Exercise details:
The task calls for the lines from the start of the entries below through the line with "Men's Shorts Red", given again verbatim, with every picture dropped.

Exercise data:
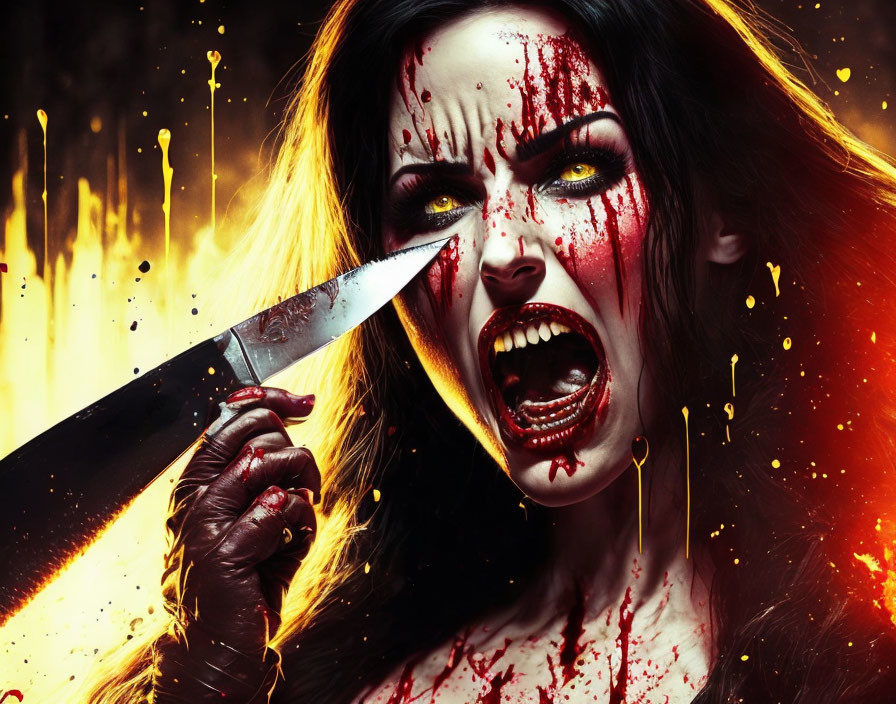 Bloody makeup woman with knife in fiery setting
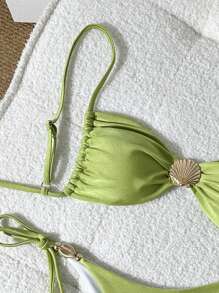 Swim Vcay 纯色细肩带露肩贝壳装饰上衣和系带侧泳裤女式比基尼套装，夏季 - 綠色 - 查看 4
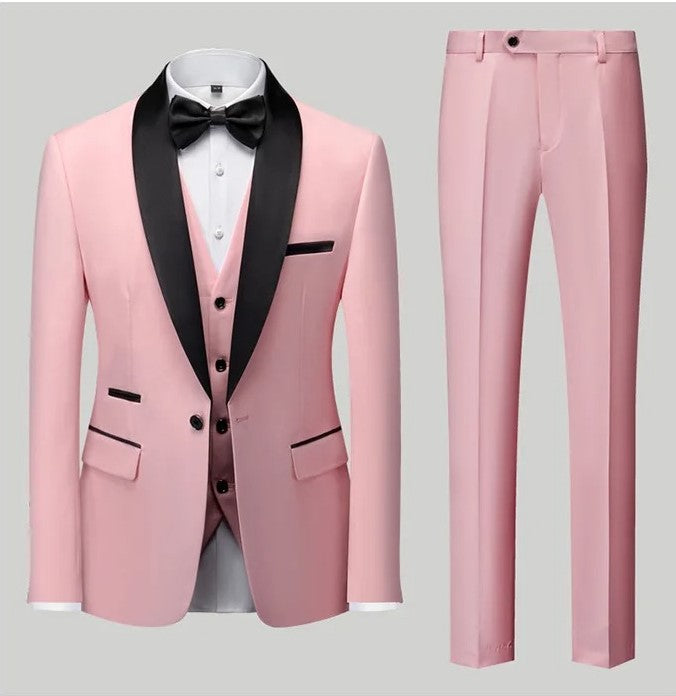 3-teiliger Herrenanzug, Smart Fit, formelles Business-Hochzeits-Smoking-Set, Blazer, Weste und Hose | Erhältlich in 11 Farben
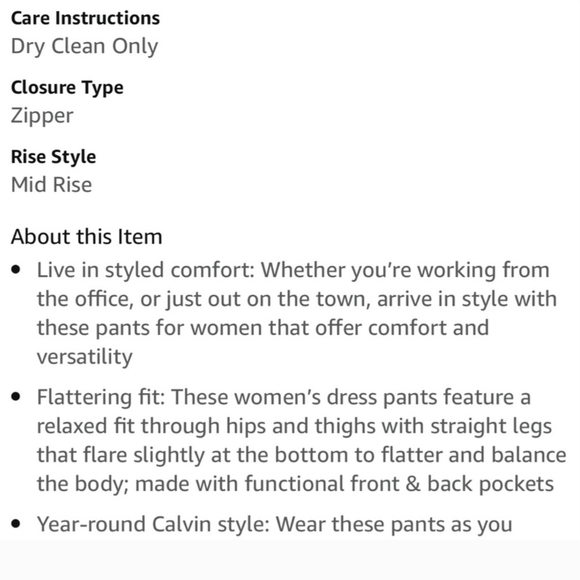 Calvin Klein Classic Fit White Trousers Size 8 - Picture 16 of 16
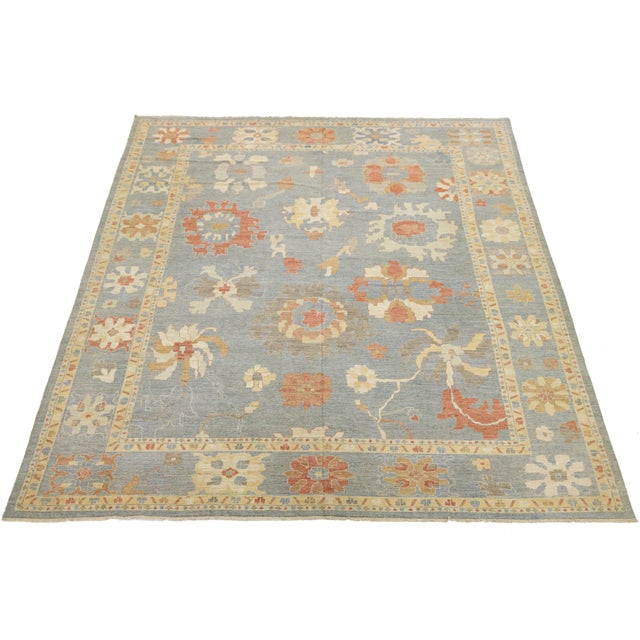 Blue 14x17 Hand-Knotted Modern Oushak Rug Premium Hand-Spun Wool Blue/Earth Tones For Sale - Image 8 of 10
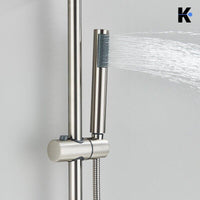 JANA | Set pioggia premium in acciaio inox spazzolato | Miscelatore doccia di design | Miscelatore doccia completo di doccetta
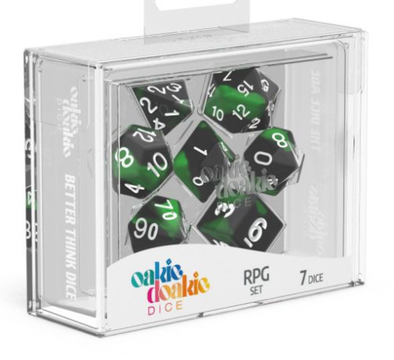 Oakie Doakie Dice Set - 7 Piece - Glow in the Dark - Biohazard available at 401 Games Canada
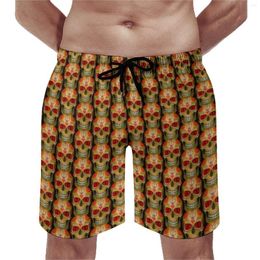 Men's Shorts Red Eyed Sugar Skull Gym Zombie Dead Sports Surf Beach Short Pants Quick Dry Vintage Design Plus Size Swimming Trunks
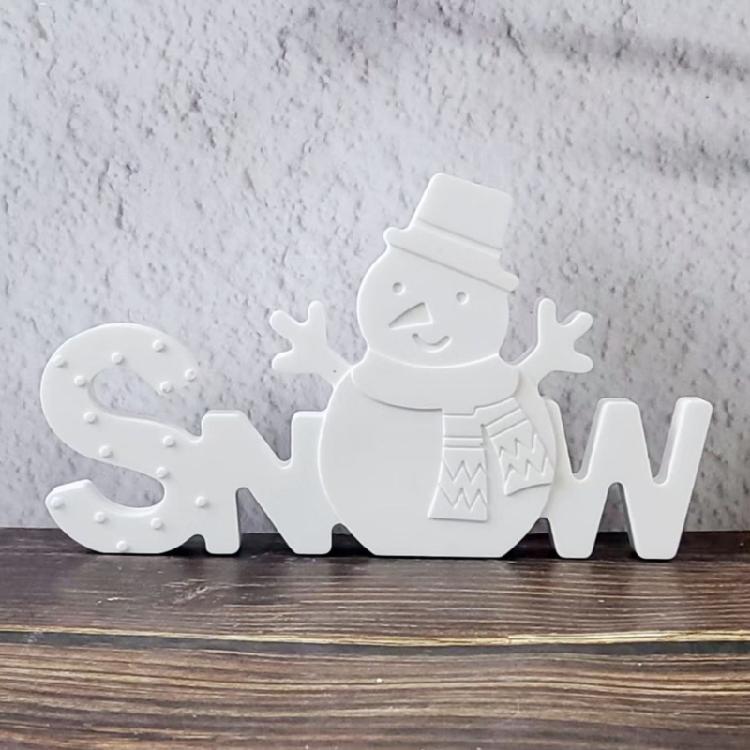 Creative Snowman Snow Letter Sign Silicone Mold For Handmade Cement Plasters Figurine Holiday Gift Home Decors Projects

Result of this exercise:
 Bloody makeup woman with knife in fiery setting
 Swim Vcay 纯色细肩带露肩贝壳装饰上衣和系带侧泳裤女式比基尼套装，夏季 - 綠色 - 查看 4
 3-teiliger Herrenanzug, Smart Fit, formelles Business-Hochzeits-Smoking-Set, Blazer, Weste und Hose | Erhältlich in 11 Farben
 Calvin Klein Classic Fit White Trousers Size 8 - Picture 16 of 16
 Blue 14x17 Hand-Knotted Modern Oushak Rug Premium Hand-Spun Wool Blue/Earth Tones For Sale - Image 8 of 10
 JANA | Set pioggia premium in acciaio inox spazzolato | Miscelatore doccia di design | Miscelatore doccia completo di doccetta
 Oakie Doakie Dice Set - 7 Piece - Glow in the Dark - Biohazard available at 401 Games Canada
 Men's Shorts Red Eyed Sugar Skull Gym Zombie Dead Sports Surf Beach Short Pants Quick Dry Vintage Design Plus Size Swimming Trunks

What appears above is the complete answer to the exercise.